Monday, October 08, 2018
Sunday, May 11, 2014
Tribute to my mom---revisited from 2008
Sunday, August 19, 2012
Why I no longer run ultras
Running was a method I used to work out problems, accomplish goals and gain self esteem while at the same redirecting painful memories into positive energy. The method served me well for many years but there was a downside in that it required focus, hard work and seclusion. The consequences of the seclusion, in particular, impacted the other people in my life without my knowledge. As I came to realize what I lost with running vs. what I gained was substantial. Alienating myself from my family was an immature act that left me in an okay state but deprived the other people in my life of my attention. I would consider my running accomplishments to be impressive but I also consider the effort not worth the cost of what I lost.
So why run 100's in the first place you may ask. My answer may sound selfish and in fact it probably is but the reason I ran was to feel good about myself and later on in my career to help other runners feel good about themselves as well.
The running stories I've published clearly identify certain people who positively impacted my life and who I admired & respected however there is no person I admire or respect more than my wife. She is the person who has helped me to understand the importance of sacrifice, sensitivity & courage. I now realize that it is more important for me to attend my 11 year old's ballgame than it is for me to run. It is more important for me to be available to take my 14 year old to karate than it is to run. It is more important for me to be in the house upon my wife's return home from work to ask her about her day than it is to run. And finally it is important for me to listen and not always feel as though I have to respond.
What my wife has showed me is that the hug of a child or the smile on his face or her herself saying I love you is more fulfilling than the feeling of crossing the fnish line of any 100 mile race.
Unless I destroy everything my wife has worked so hard to bring into my life I have no reason to ever want to return to the lifestyle I maintained as an ultramarathon runner.
Friday, January 14, 2011
Running both the good & bad
It’s been a long time since I shared my thoughts in writing but finding myself with a few moments today at peace I felt it was time to share some thoughts. Running provided and still provides an excellent outlet for my emotions as well as an avenue that opened the doors to my creative side that helped to build my self esteem. I learned early on that to be successful at sustaining a long term running program I would need to implement methods that helped me to focus on external influences outside of the internal functions of running itself. This came naturally to me as the start of my running career was initiated by a divorce. Having a need to release emotion I found that running served a purpose in my life.

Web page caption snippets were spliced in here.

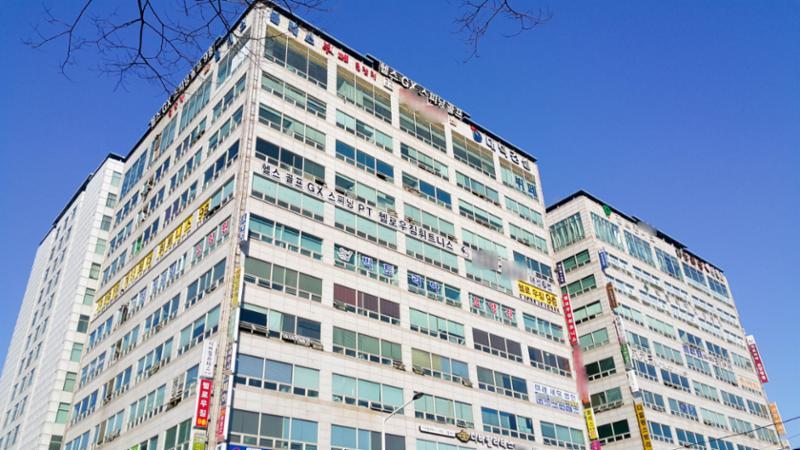 측면에서 바라본 모습입니다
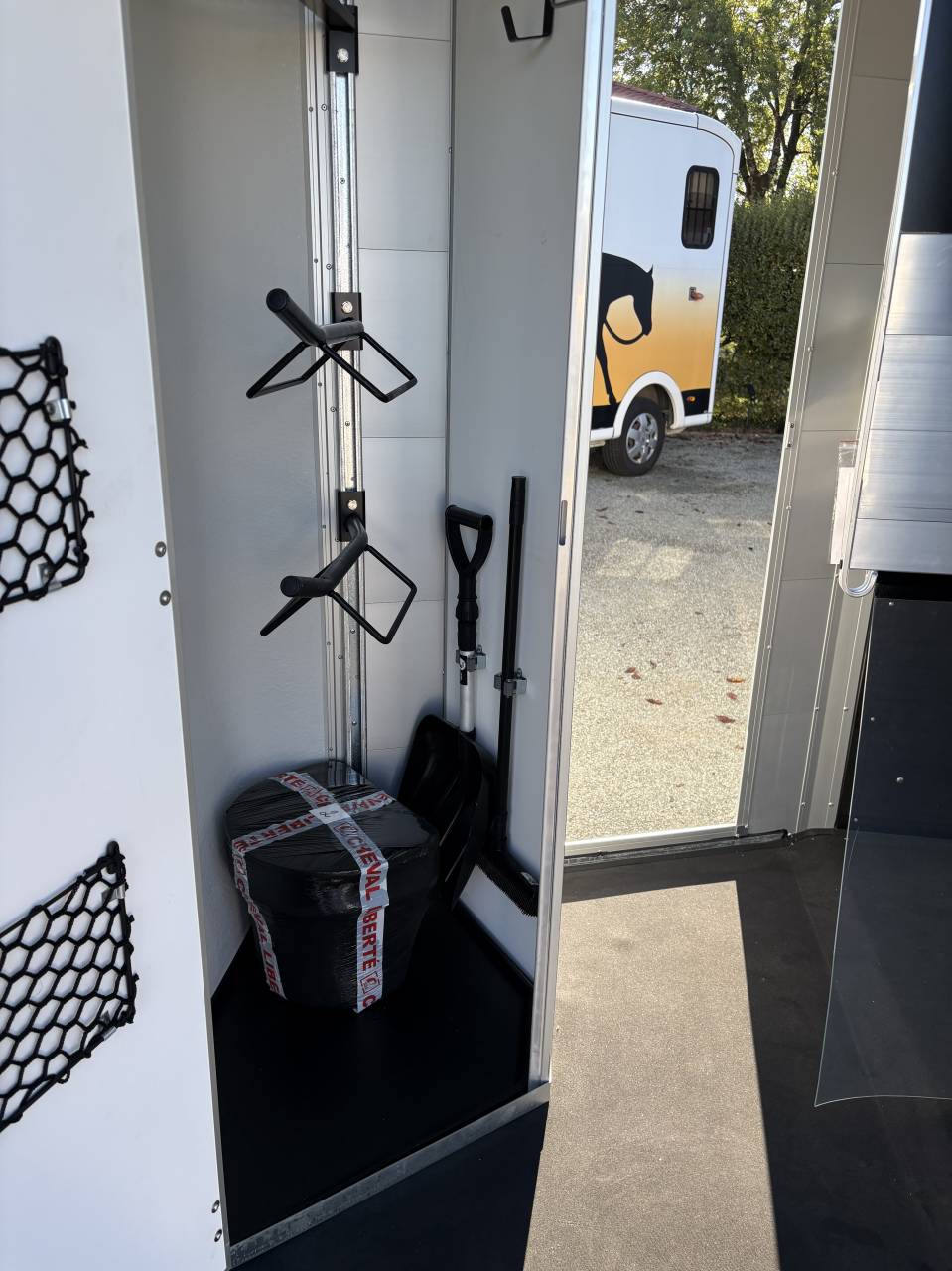 Trailer Cheval Libert&eacute; Touring country  2 Cavalli 2026 Nuovo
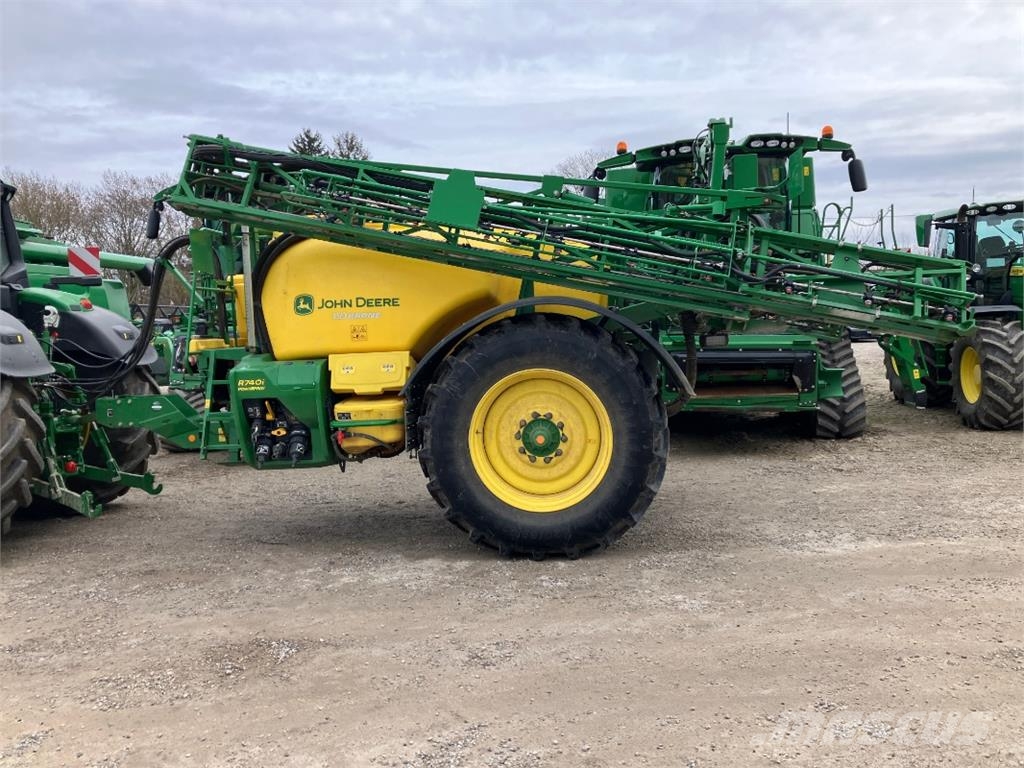 John Deere R740i Vučene prskalice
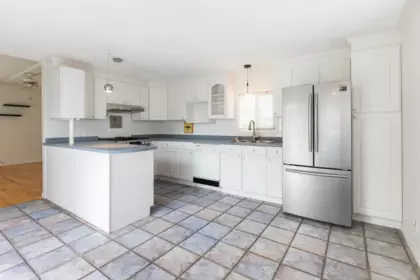 Kitchen Island Photo of 4 23387 70a Avenue, Langley, BC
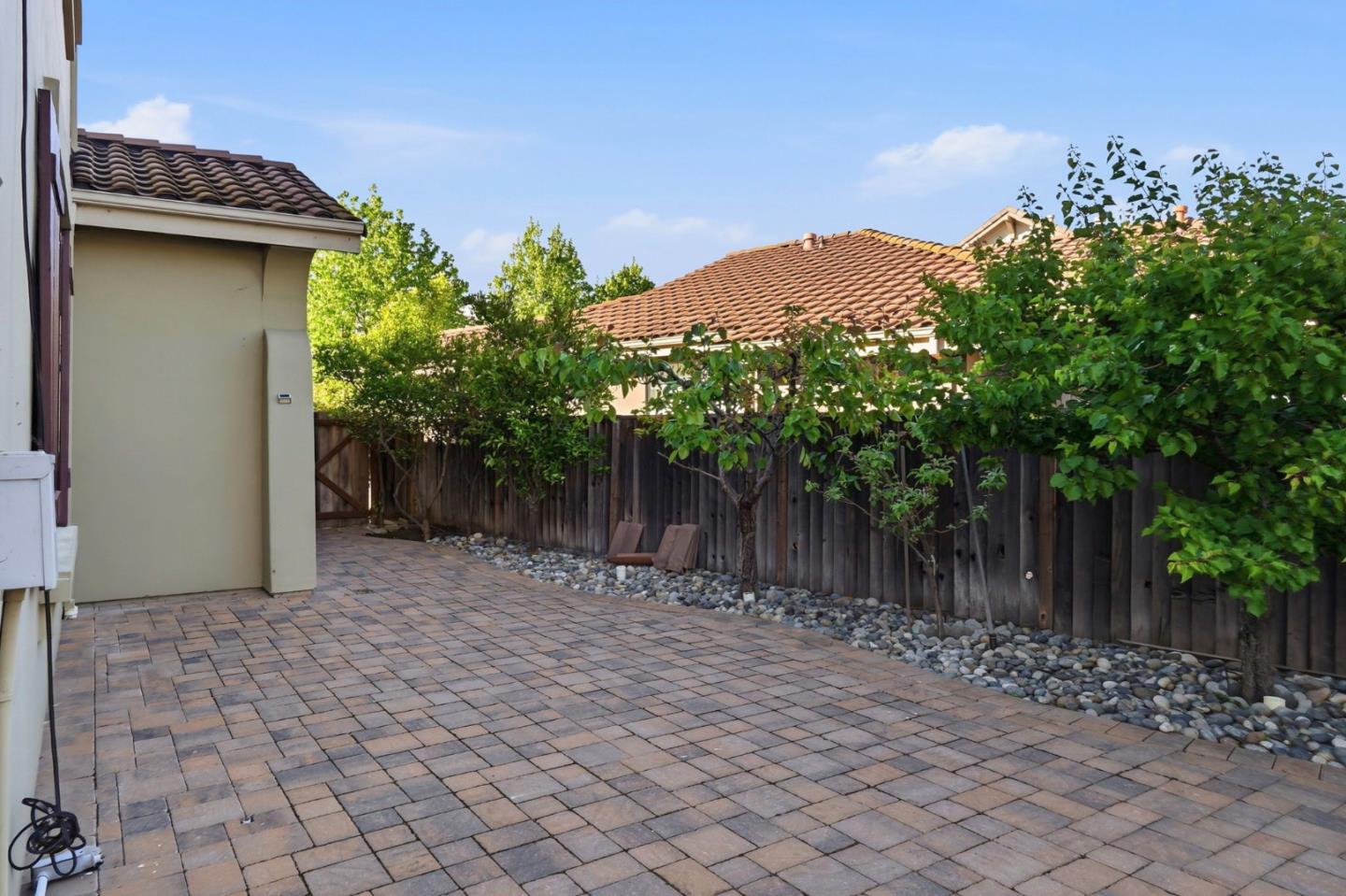 Detail Gallery Image 27 of 33 For 15425 La Rocca Pl, Morgan Hill,  CA 95037 - 4 Beds | 2/1 Baths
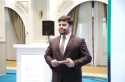 فهد نضال أبو قمر عريفًا لحفل اليوم العالمي للشباب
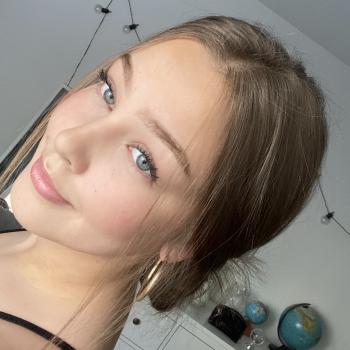 Lastenhoitaja Tampere: Ella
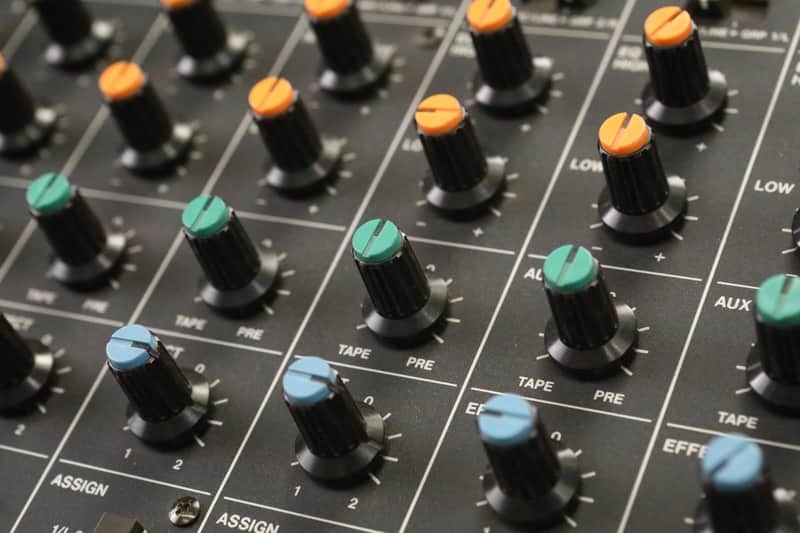Tascam M-108 8-Channel Vintage Analog Mixer w/ 1/4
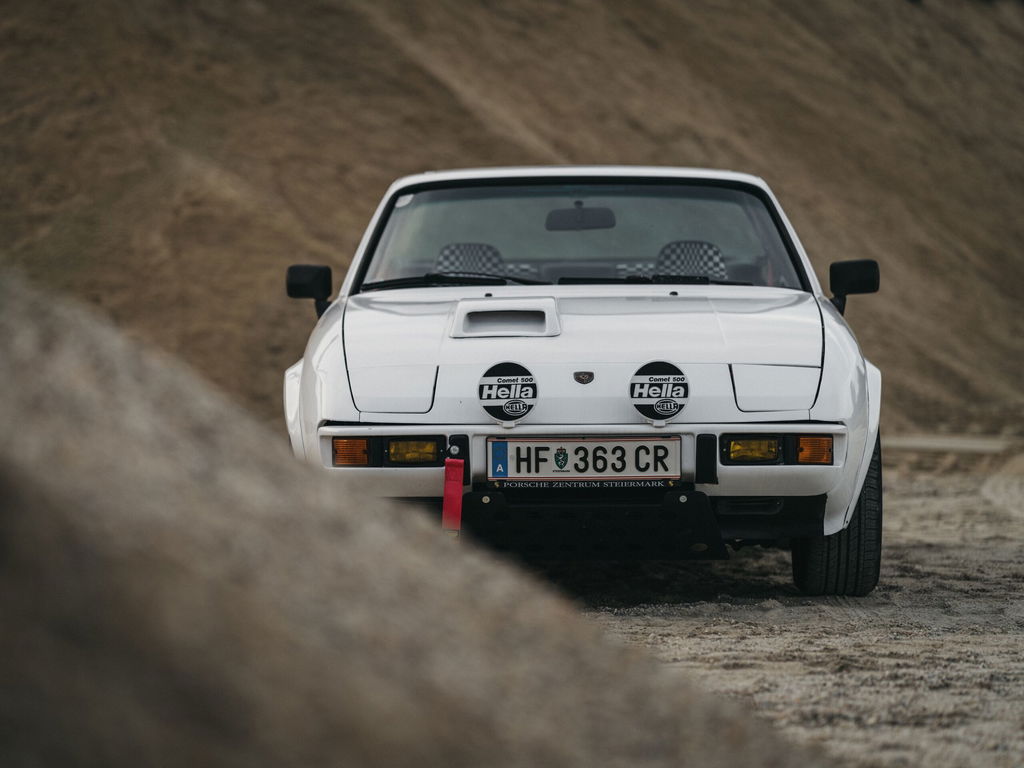 Porsche 924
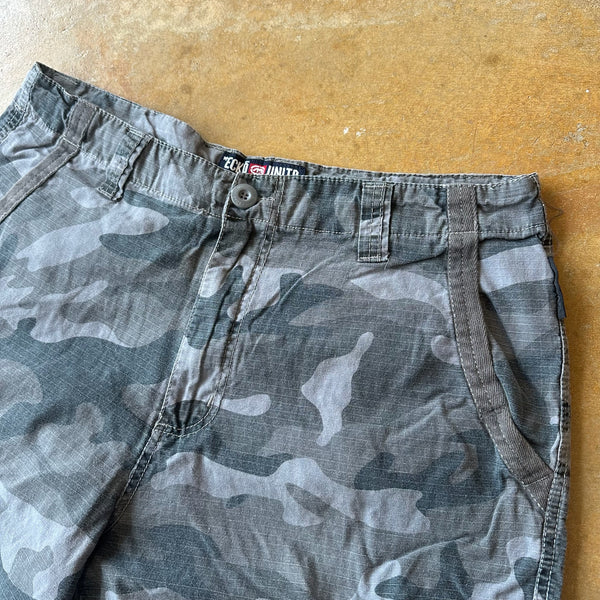 Ecko Unltd. Camo Cargo Shorts Skater Grunge 00's - 34 hover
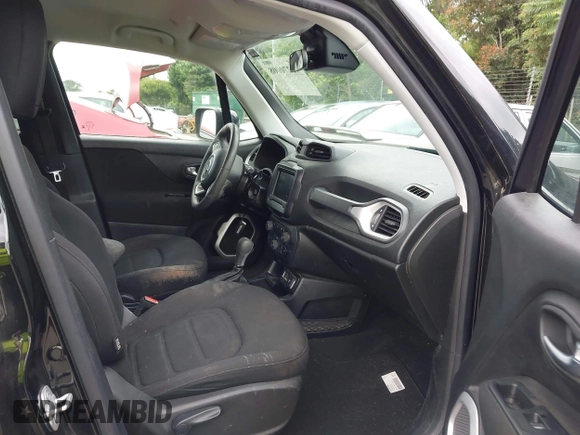 2018 Jeep Renegade Latitude z VIN ZACCJABB8JPJ33239, wystawiony jako IAAI lot #42270008 z przebiegiem 149 015 mil mil oraz . Historia ofert i sprzedaży dostępna na DreamBid. Obrazek 5.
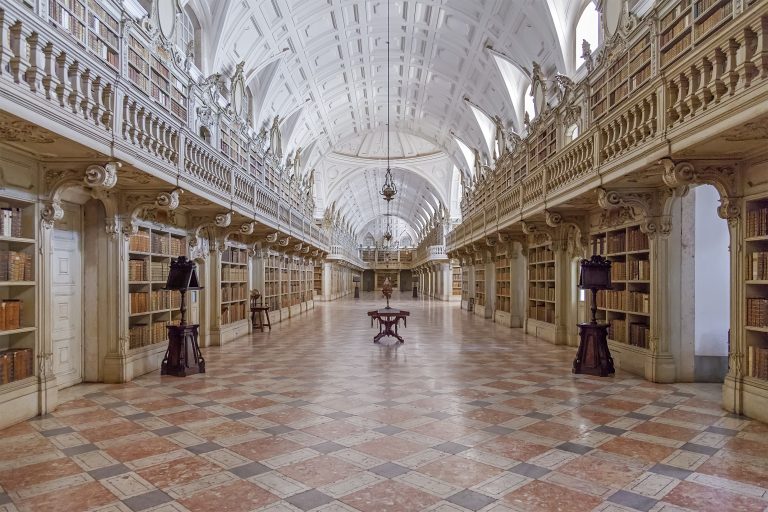 Papež Benedikt XV. umožnil této knihovně chránit Rejstřík zakázaných knih a zakázal jejich exkomunikaci. „Kdokoli by se pokusil jakýmkoli způsobem vzít, odstranit nebo půjčovat knihy, musel by se dovolit přímo portugalského krále. “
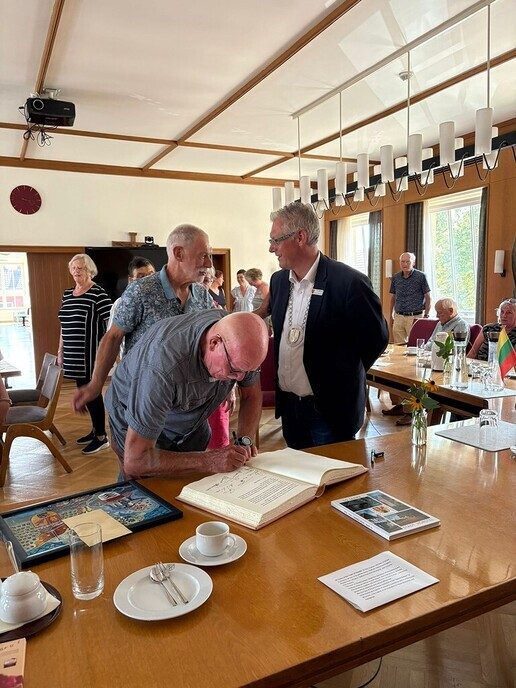 Comité op bezoek bij jarige Stadt Hörstel - Foto: Ingezonden foto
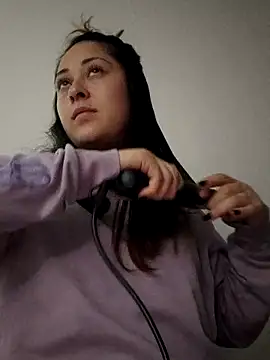 LisbethMoore  online show from 04/17/26, 11:41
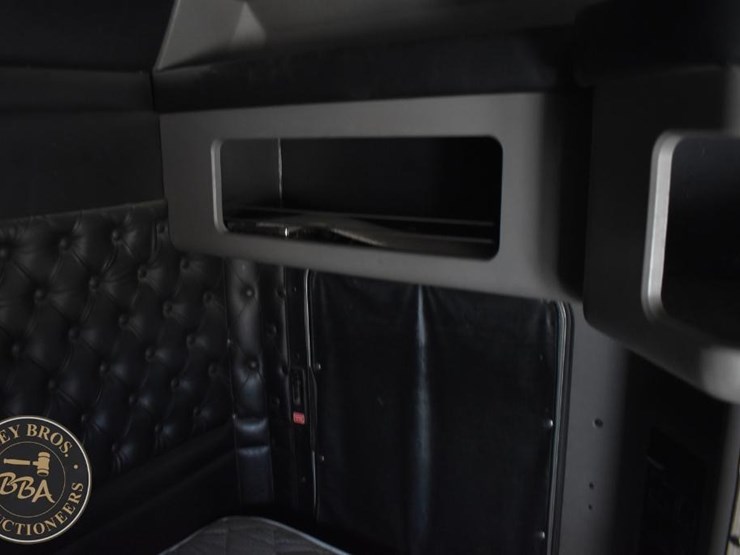 2013-kenworth-t660-image-109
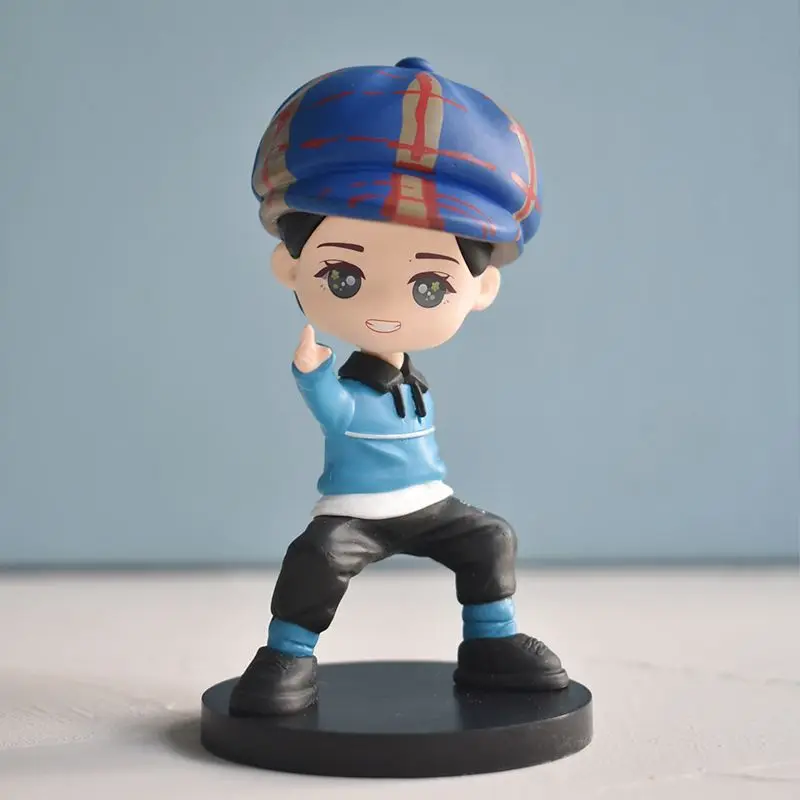 Wang Yibo Hip-Hop Cartoon Figures Toy, кукла Wangyibo, декоративные фигурки для украшения стола, подарки для домашнего декора
Wang Yibo Hip-Hop Cartoon Figures Toy, кукла Wangyibo, декоративные фигурки для украшения стола, подарки для домашнего декора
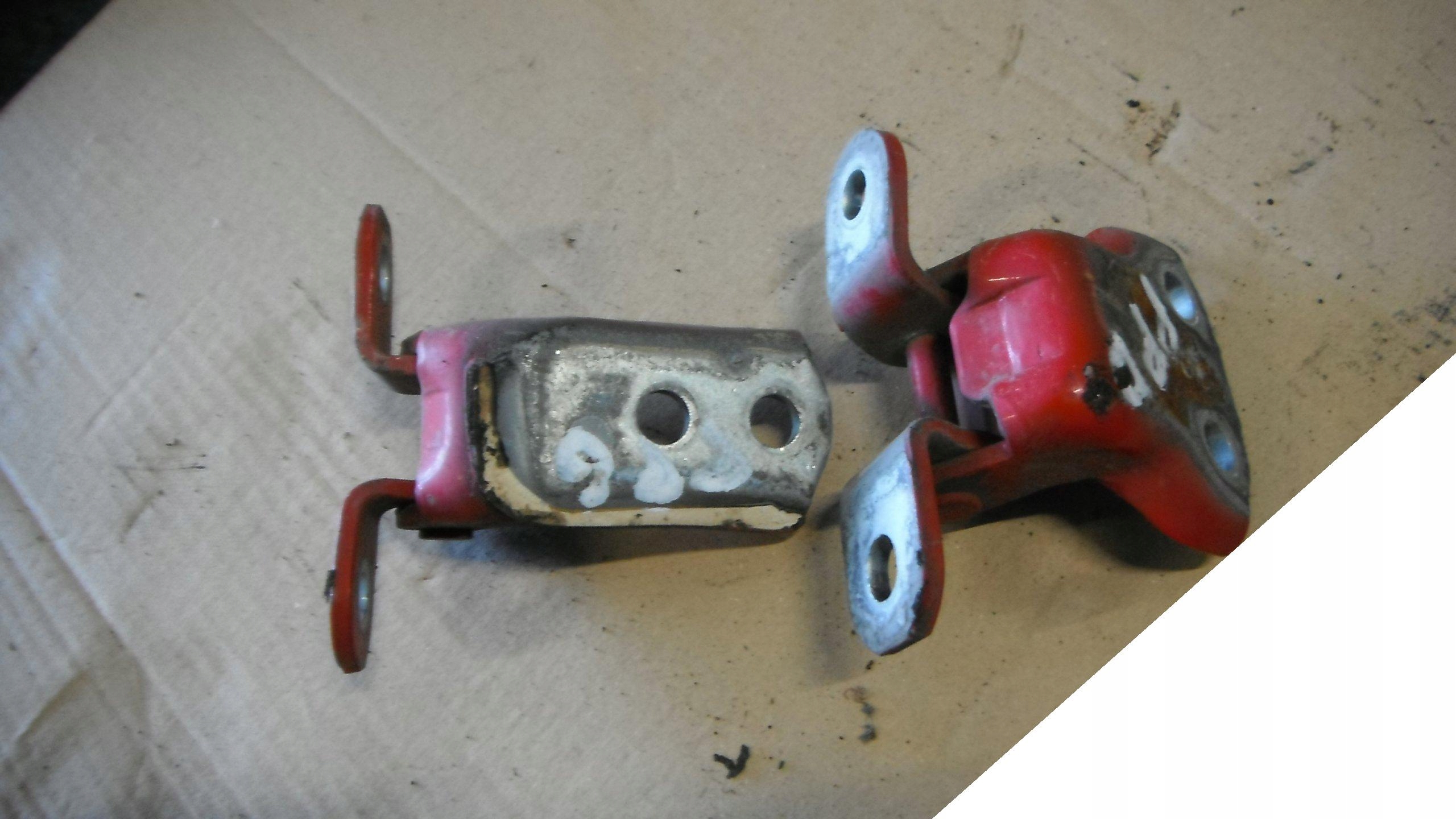 TOYOTA YARIS II 2 5D 05- ZAWIAS PRAWY PRZEDNI 2szt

Like most beginners my goal as a runner was to build strength by increasing my mileage. I set goals and worked hard to achieve those goals and then set higher goals. When I felt that I had reached my potential I took it up a notch by attempting longer distances. I started racing at the 5 mile distance with a goal to place but found myself coming up short over and over again. Over time I became physically stronger but more importantly I became smarter which helped me to develop strategies to satisfy my goal. Ultimately I began to place in almost every race at varying short distances. Placing at races was fun but as time went on it was not challenging enough to satisfy my inner drive. I became bored which was a prompt to step it up a notch.
At the marathon distance the goal was to finish in the time lime provided which I easily accomplished in my first attempt. Obsession set in. After the first I saw no end nor did I want to see an end to my running career. When my goal was achieved I set higher and higher goals each marathon thereafter. The ultimate thrill at the marathon distance was setting my personal best time of 2:53:12 in the 2000 Boston Marathon. I then followed it up with a similar time at the Philly Marathon in November of that same year .
It was not long before I became bored at the marathon distance so I took the JFK challenge. My first attempt at the 50 mile distance left me with a finish in the top 50 in a sub-8 hour time. I loved that race so much that I followed it up with 9 more in consecutive years. Completing 10 straight showed that I could run through adversity and injury but toward the end it also revealed the impact that my running had on others.
The 100 mile distance loomed and though a bit intimidated I tackled the distance with no tutelage from other but instead used what I learned through reading race reports to give it a go . The 1st result was failure but with failure brought more desire. I read, I asked questions and I read more. I changed my style of running, I deviated from my normal paths I challenged myself to work harder. My second attempt was a success as were my next 23 attempts in a row including the Grand Slam, Badwater and my personal best 15:57 Rocky Raccoon 100 (2nd Place National Champion)
I trained hard but a result of my hard training was negative impact on those around me. Though it is a difficult thought and something I did not willingly admit at first I neglected those around me. I have bad memories of times when I neglected to follow through on promises, respond to requests or to those in need. My actions were not malicious or deliberate but instead they were driven by my mind which focused on a goal that I felt to be unachievable without 24-7 attention. Successfully I achieved one goal after the other but unfortunately the goals never ceased nor did they move to another field in life. I was caught up in my own little selfish world leaving those who cared for me susceptible to hatred for me.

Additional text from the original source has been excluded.